Their ability to excel depends on the integrity, knowledge, imagination, skill, diversity and teamwork of an individual like you. To this end, they strive to create an environment of mutual respect, encouragement and teamwork. As part of their global team, you’ll have the opportunity to collaborate with talented and dedicated colleagues while developing and expanding your career.
The role is a 1 year temporary contract position initially signed off until August 2022 and offers an hourly rate of up to £23.59 per hour, plus 25 days holiday pro rata and pension scheme. The successful candidate will be required to work onsite in Milton Keynes.
Currently QC is looking for an enthusiastic and dedicated analyst to –
* To support analytical method validation / improvements and method transfers between sites.
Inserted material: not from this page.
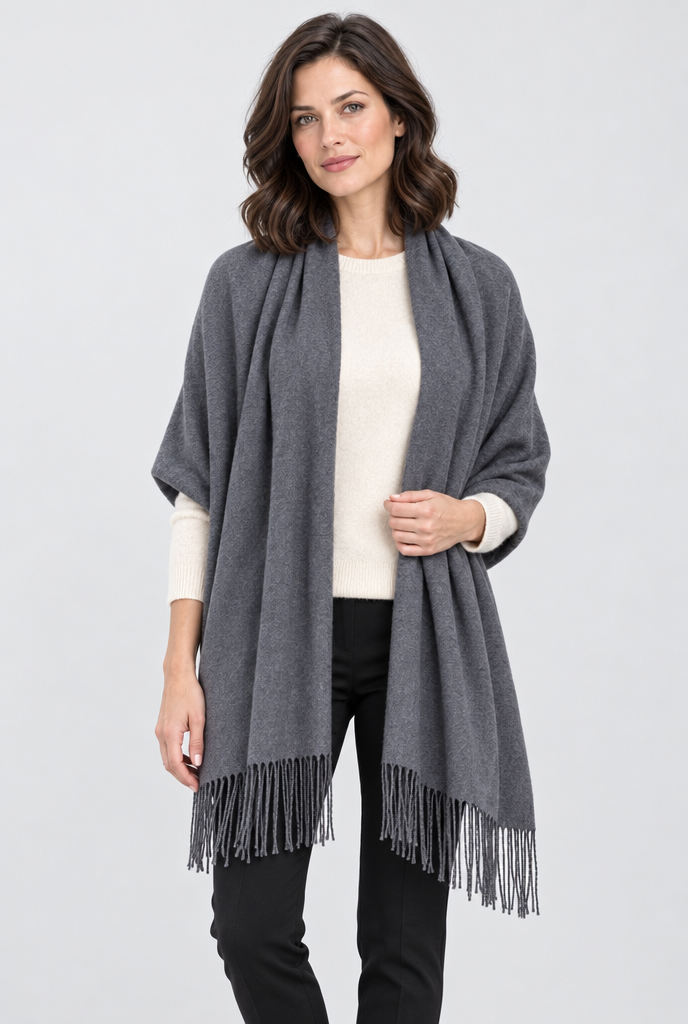 Étole façon pashmina à franges — Anthracite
Drive change management for changing product specifications, supporting Regulatory with changes to product testing. Assist with routine analysis if required.
Key Accountabilities and Duties:
* Experience in Analytical Chemistry techniques is essential. You should have a sound understanding of basic scientific principles.
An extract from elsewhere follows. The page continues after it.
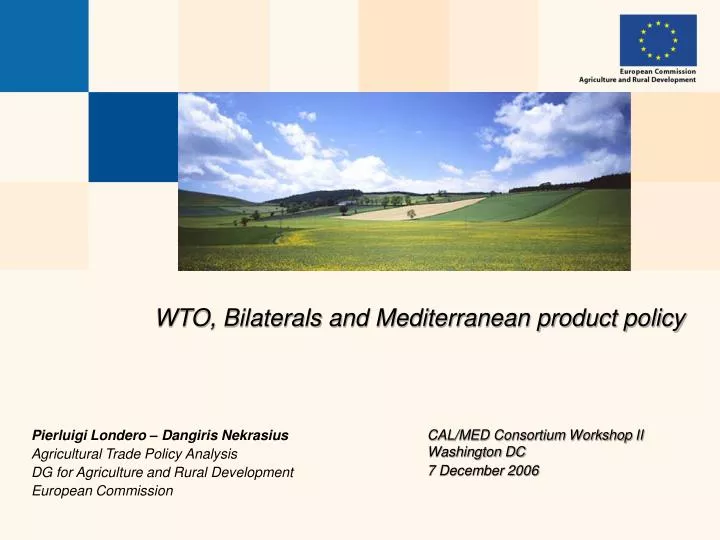 wto bilaterals and mediterranean product policy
* Analytical Chemistry method validation / improvements and test transfer between labs/sites.
* Drive change management for introduction of new / improved methods and validation of new equipment.
* Be able to produce technical documents such as protocols, testing and execution plans and final reports. Ability to work on several projects simultaneously and be able to prioritise.
* Liaise with several departments – technical support groups, QA, Regulatory to drive project completion and deliver on milestones.
* The candidate will be required to report all laboratory activities in a clear, organised manner, in the form of reports, following the standard operating procedures.
* Good understanding and ability to perform efficient lab investigations arising from deviations or invalid/atypical results.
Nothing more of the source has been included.